• Getting to Green

    An administrator pushes, on a shoestring budget, to move his university and the world toward a more sustainable equilibrium.


A thought experiment

One of the people on campus I talk to fairly regularly works at Greenback's main library. I'm not sure whether there's a specific reason for it or not, but the library staff seems to be more enthusiastic about sustainability than are the employees of just about any other department.

August 16, 2009

One of the people on campus I talk to fairly regularly works at Greenback's main library. I'm not sure whether there's a specific reason for it or not, but the library staff seems to be more enthusiastic about sustainability than are the employees of just about any other department.

As a result, we've looked into implementing the same sorts of building improvements as I'd like to do to just about any building on campus: resetting heating and cooling points, replacing inefficient lighting, making the HVAC system more efficient, evaluating the building envelope and resolving any problem areas, modeling building occupancy, improving recycling facilities, etc.

Of course, because it's a library, we don't have as much flexibility as we might in a different sort of building. Temperature and humidity need to stay within fairly narrow ranges (narrower than would apply in an office building, for instance). Lighting levels in the stacks need to be bright enough to allow the book spines to be read, without being so bright that those same spines will get faded out. That sort of thing.

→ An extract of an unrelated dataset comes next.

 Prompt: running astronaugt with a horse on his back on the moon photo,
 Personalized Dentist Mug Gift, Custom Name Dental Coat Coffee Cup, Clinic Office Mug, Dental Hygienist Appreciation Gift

But one topic that came up in our conversations was both obvious to everyone at the table and apparently uncomfortable to those with "librarian" in their titles -- most of the space in the library building gets far less frequent use than it did a couple of decades back. Library facilities utilization has grown along with Greenback, but library building/space utilization has actually dropped off, at least for most of that space.

Maybe 75% (I'm guessing) of the usable square footage of our main library building is used for storing books. Open stacks, where students, faculty, staff, even the general public can peruse shelves from floor level up to almost ceiling height. Shelves not 100% crammed full of books, but probably 97-98% full so that if they got any fuller it would be hard to slide books out and back in again. As full as is practical, and maybe a little fuller than that.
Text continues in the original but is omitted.